Your father has made Dumay keeper of the hen-roost, take Butscha to watch outside,--poor Butscha, who doesn't ask for anything, not so much as a bone." "Well, I've give you a trial," said Modeste, whose strongest desire was to get rid of so clever a watcher.

"Please go at once to all the hotels in Graville and in Havre, and ask if a gentleman has arrived from England named Monsieur Arthur--" "Listen to me, mademoiselle," said Butscha, interrupting Modeste respectfully.

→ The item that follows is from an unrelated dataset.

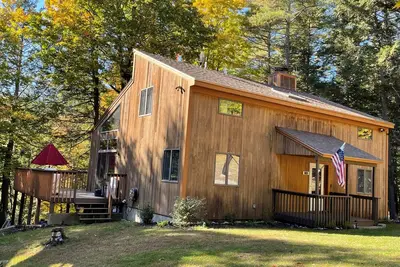 Image de Wildwood on Lake Winnipesaukee Pet Friendly Beach Access Home Sleeping 10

"I will go and take a walk on the seashore, for you don't want me to go to church to-day; that's what it is." Modeste looked at her dwarf with a perfectly stupid astonishment.
"Mademoiselle, you have wrapped your face in cotton-wool and a silk handkerchief, but there's nothing the matter with you; and you have put that thick veil on your bonnet to see some one yourself without being seen." "Where did you acquire all that perspicacity ?" cried Modeste, blushing.
"Moreover, mademoiselle, you have not put on your corset; a cold in the head wouldn't oblige you to disfigure your waist and wear half a dozen petticoats, nor hide your hands in these old gloves, and your pretty feet in those hideous shoes, nor dress yourself like a beggar-woman, nor--" "That's enough," she said.

"How am I to be certain that you will obey me ?" "My master is obliged to go to Sainte-Adresse.